▶ Recorded data
* * * * * * *

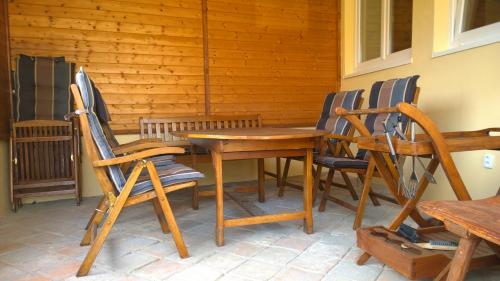 a wooden table and chairs on a patio at Chalupa u kostela in Lukov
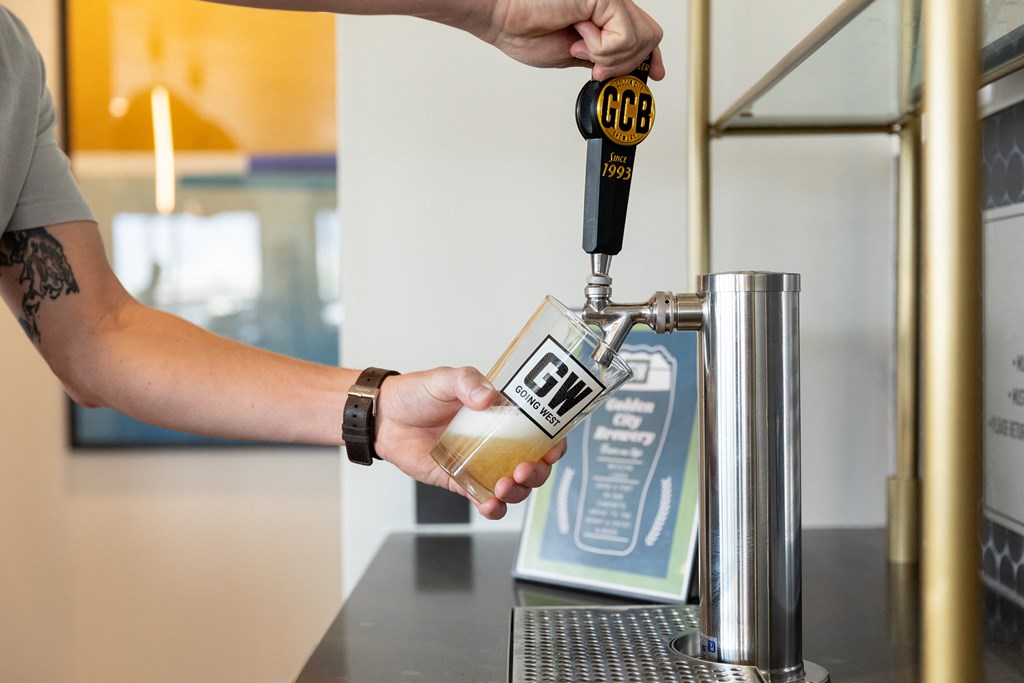 a person pouring a bottle of beer into a beer dispenser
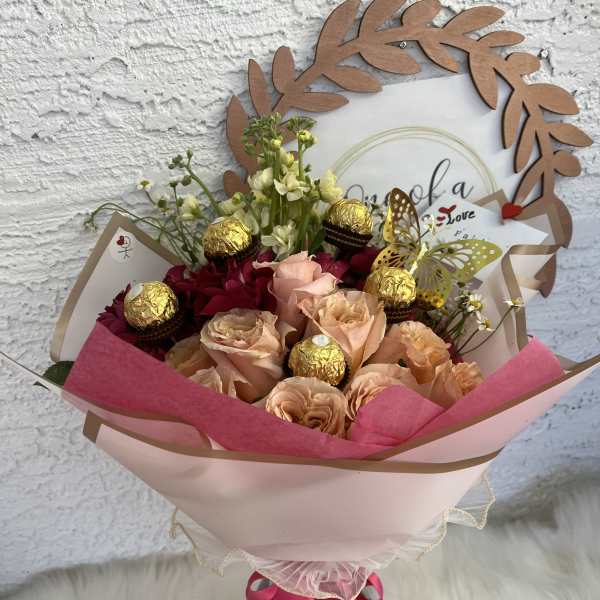 Bouquet of peach and red roses with gold chocolates and a butterfly topper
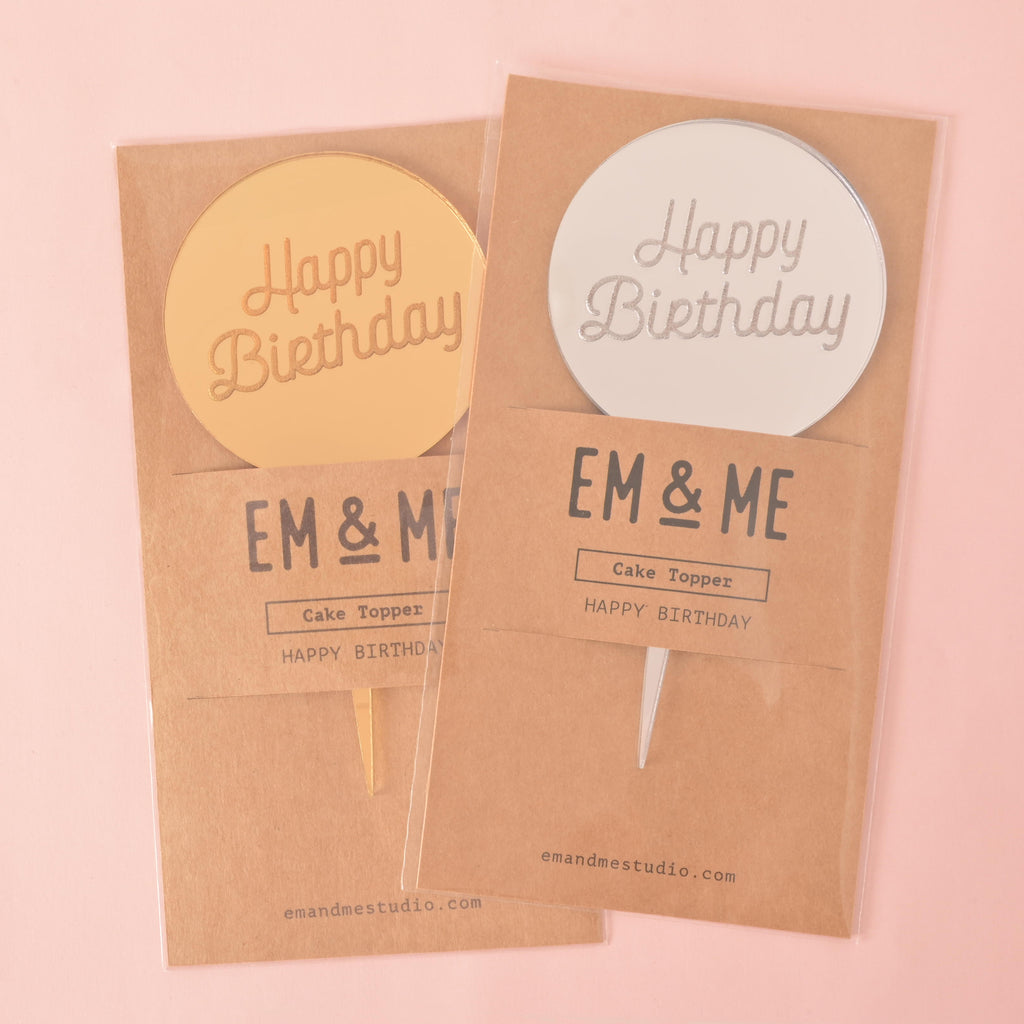 Two circular "Happy Birthday" mirror cake toppers—one gold and one silver—sealed in their retail packaging. Each brown cardstock package has "EM & ME" printed on it. The items are shown on a solid pink background.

* * * * * * *

▶ Try it
Print the material above word for word, and keep the pictures out of it.

▶ Solution below
 a wooden table and chairs on a patio at Chalupa u kostela in Lukov
 a person pouring a bottle of beer into a beer dispenser
 Bouquet of peach and red roses with gold chocolates and a butterfly topper
 Two circular "Happy Birthday" mirror cake toppers—one gold and one silver—sealed in their retail packaging. Each brown cardstock package has "EM & ME" printed on it. The items are shown on a solid pink background.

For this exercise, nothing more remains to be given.